A quarta dimensão é o que ela chama de "transferência de valores castrenses para a administração", cujo exemplo é a militarização das escolas com valores de ordem, das ciências exatas, do conservadorismo comportamental e outros. "As famílias, com problemas de naturezas diversas, como escassez de trabalho, qualidade de moradia, tempo de convivência e muito mais, procuram respostas simples para questões complexas, como a utilização de drogas por adolescentes ou a descoberta da sexualidade. Dessa maneira, iludem-se com respostas como as chamadas escolas cívico-militares, com promessas de que, com o corte de cabelo adequado e shorts mais compridos, os adolescentes desenvolverão respeito por si mesmos e pelos demais. É uma ficção. Enquanto isso, o trabalho do professor segue desvalorizado."

O quinto aspecto apontado pela especialista em educação militar é a militarização "de todo e qualquer problema" — mais recentemente, até para orientar as filas do INSS. "Por aqui se combate a pobreza, a dengue, a seca, a corrupção... Tudo como se fosse uma 'questão militar'. Num primeiro momento, pode até parecer mais barato ou mais prático, mas esse pensamento destrói a profissionalização militar, e por sua vez a defesa nacional, enquanto por outro lado mantém o Estado ineficaz e tutelado para apresentar suas respostas."

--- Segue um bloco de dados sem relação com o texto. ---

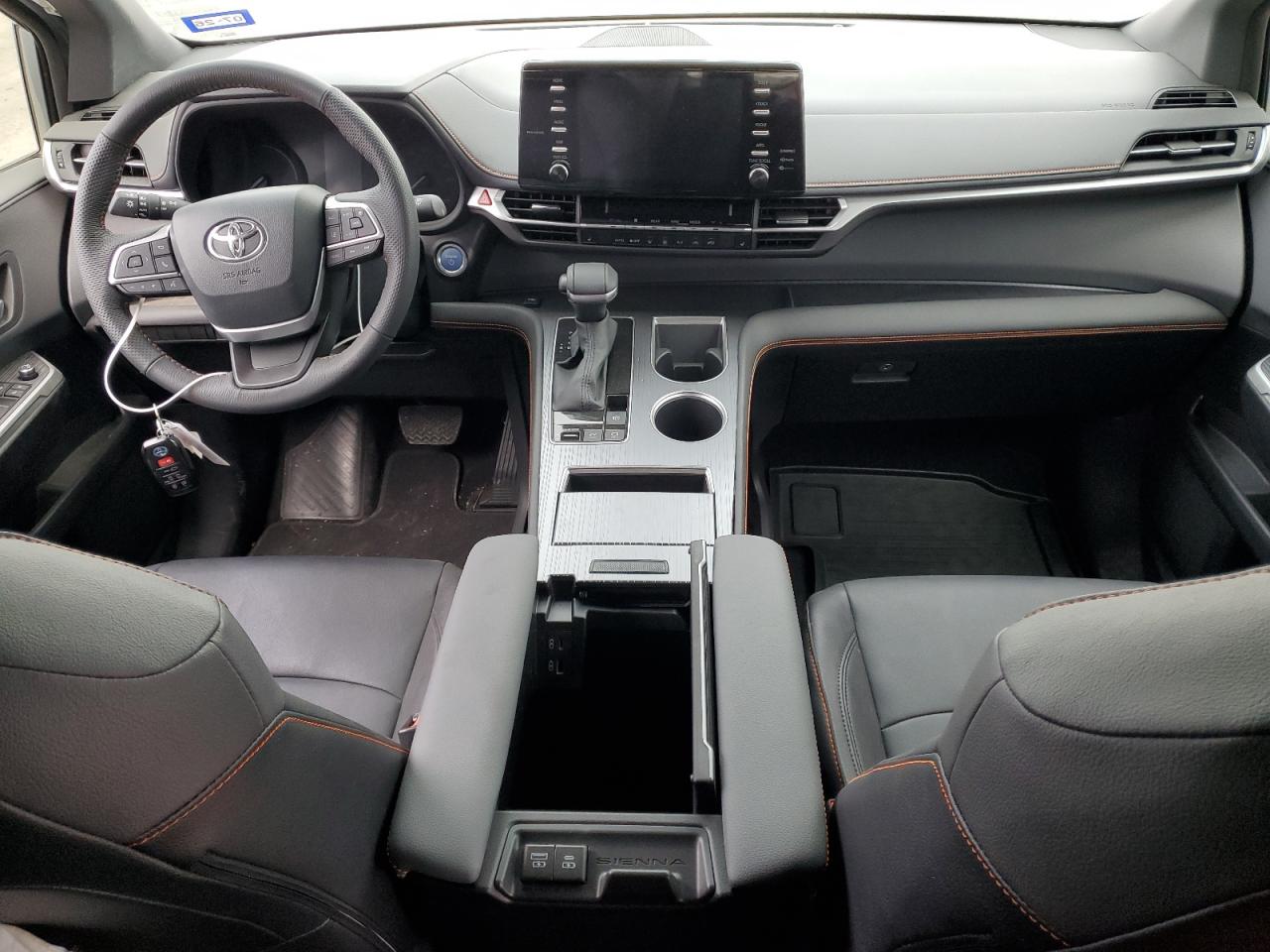 2024 TOYOTA SIENNA XSE - 5TDXRKEC5RS212017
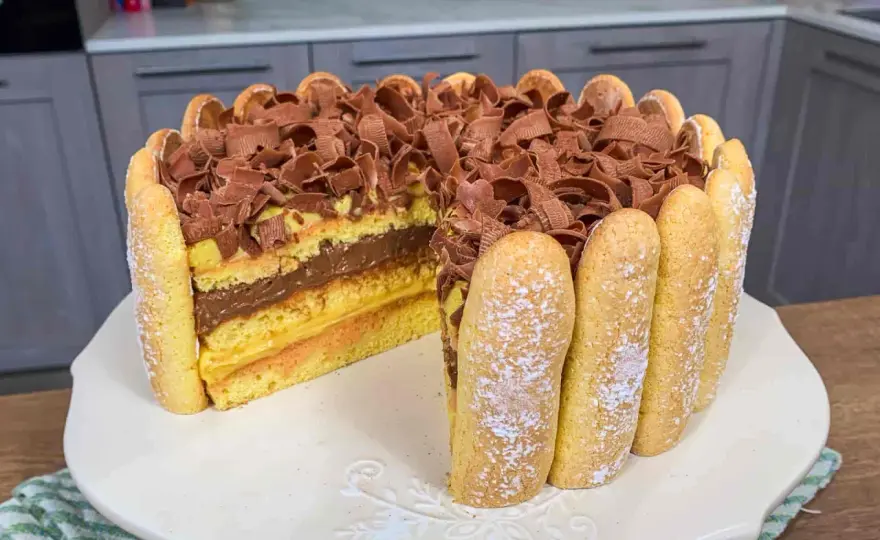 Zuppa inglese facile con savoiardi, crema e alchermes
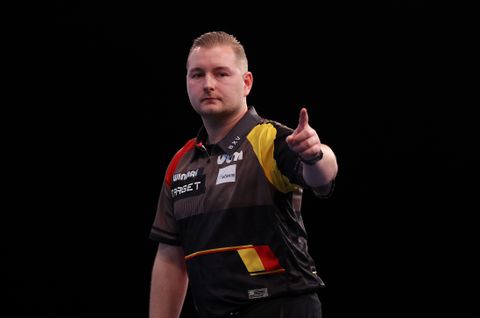 Mentaal opgebrande topdarter (31) openhartig over turbulente periode: 'Er is bijzonder veel gebeurd'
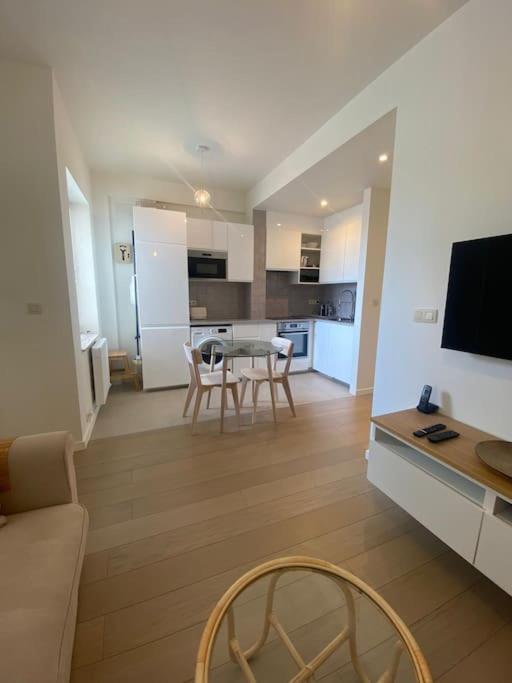 1 Chambre Avec Parking Au Coeur De Bruxelles 2D Bruxelas Exterior foto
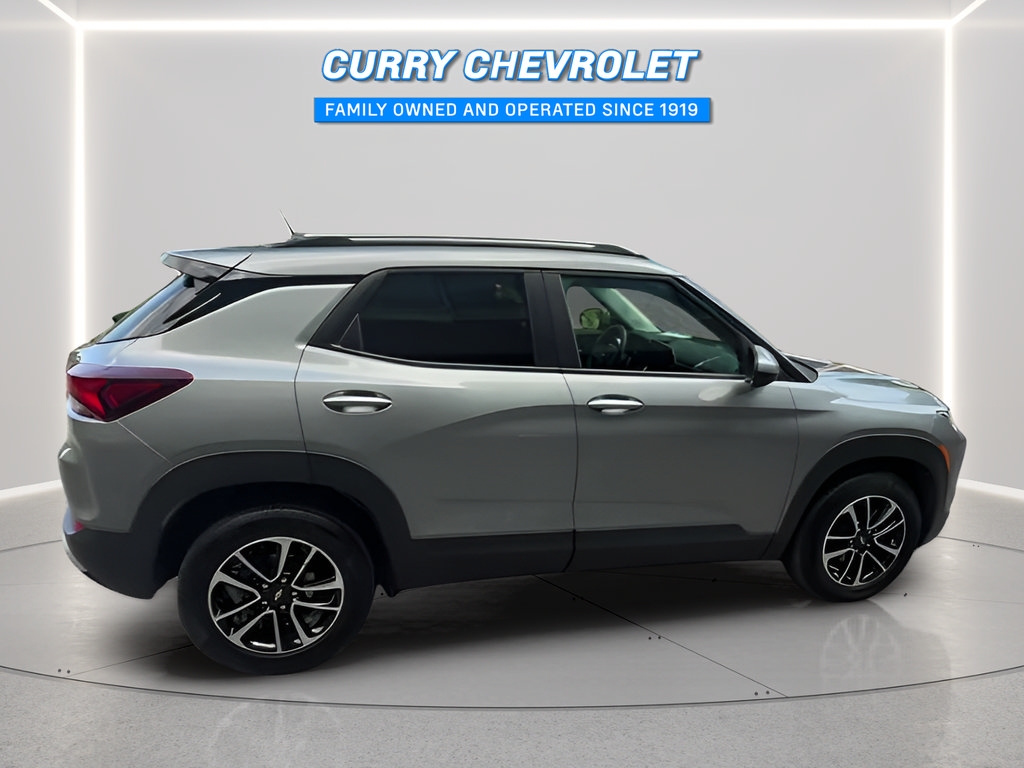 Used 2024 Chevrolet TrailBlazer LT AWD/4WD image 16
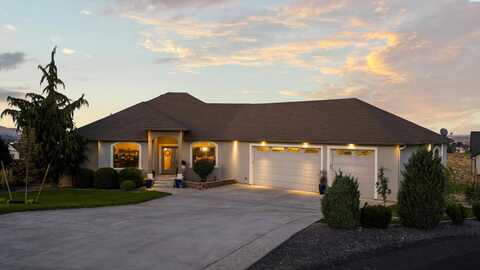 15307 S Mountain Ridge Ct, Kennewick, WA 99338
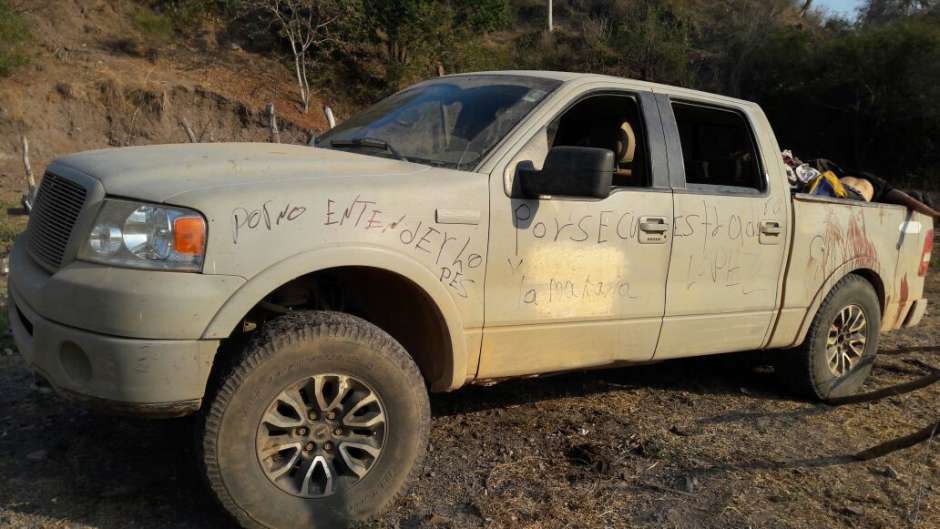 Encontraron 15 hombres muertos en una camioneta en Michoacán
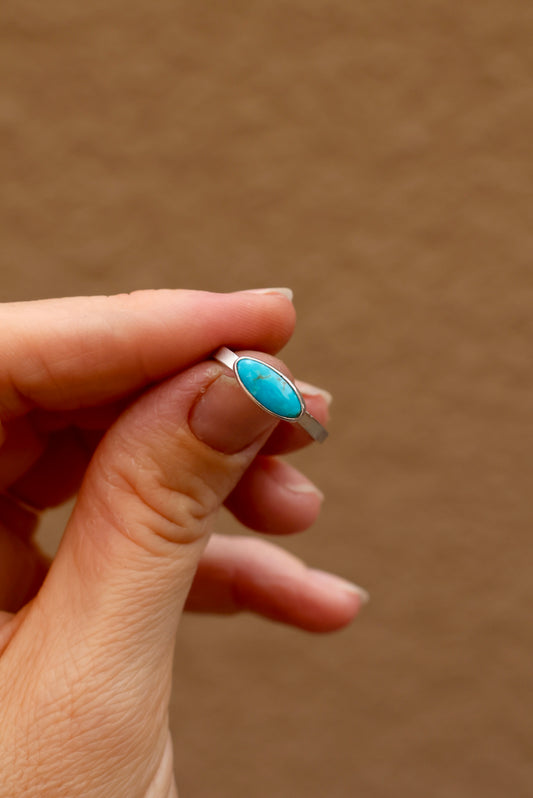 Horizontally Set Oval Kingman Turquoise Ring - Size 7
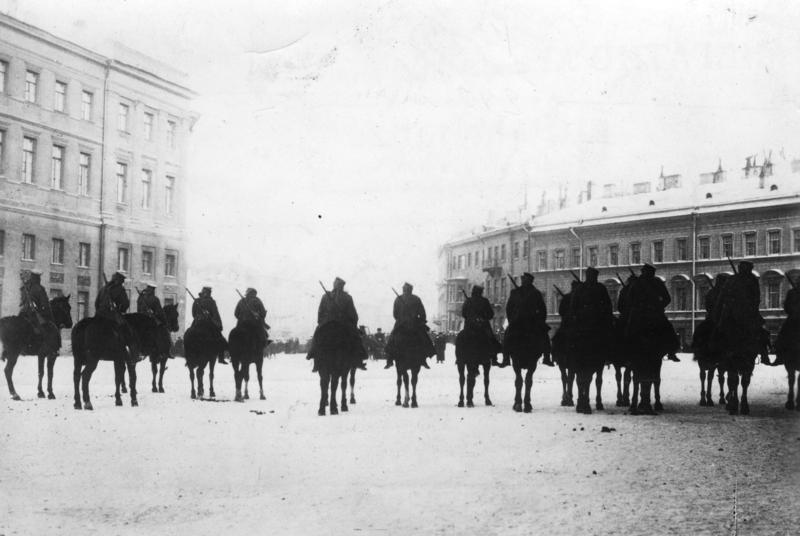 bundesarchiv bild 183 s01260 st. petersburg militär vor winterpalast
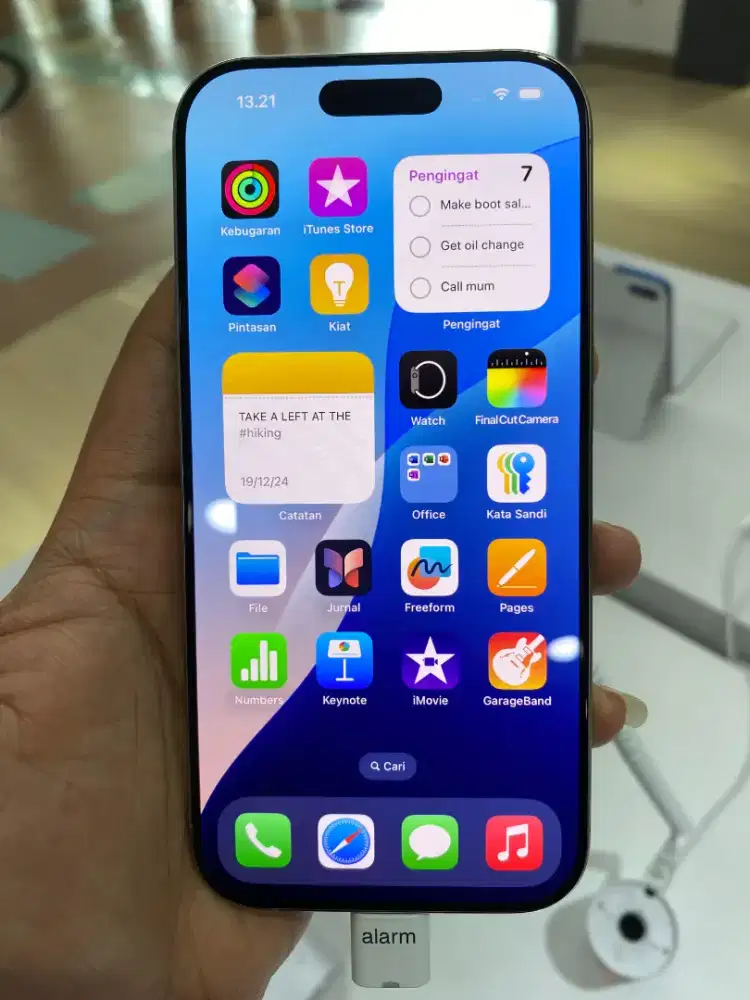 CICILAN 0% IPHONE 16 PRO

Penido Oliveira lembra que a busca pela segurança tem como bases construções psicológicas sobre ameaça. "Nem tudo que consideramos ameaça é de fato uma ameaça. A maior parte do que consideramos ameaça, e portanto nos gera medo, não é passível de ser resolvida, como não vem sendo, por meio da militarização da vida, do cotidiano e das cidades."

Peron pondera que a militarização do cotidiano acontece em governos que não necessariamente possuem ministros militares, que é o caso do Brasil. Mas a presença de ex-agentes no Congresso e em cargos públicos, não só na esfera federal, ajuda a entender a mentalidade militarista. "O que parece se tornar uma tendência é o incremento de empresas de segurança rondando serviços públicos. A ideia de militarização não está apenas no aumento da brutalidade ou na ruptura da privacidade, mas na adição de um tipo de tecnologia, fornecida por empresas privadas, que dão provimento à segurança pública."

Além disso, afirma ele, desde o 11 de Setembro os projetos urbanísticos militarizados pautam a administração de espaços, como aeroportos e a construção de checkpoints (postos de controle).

"São pequenos investimentos técnicos sobre o ambiente urbano, como o tracejado de uma rua, a construção de um bloqueio, a organização do fluxo da movimentação das pessoas de forma mais severa. Tudo isso são aspectos do processo de militarização das cidades."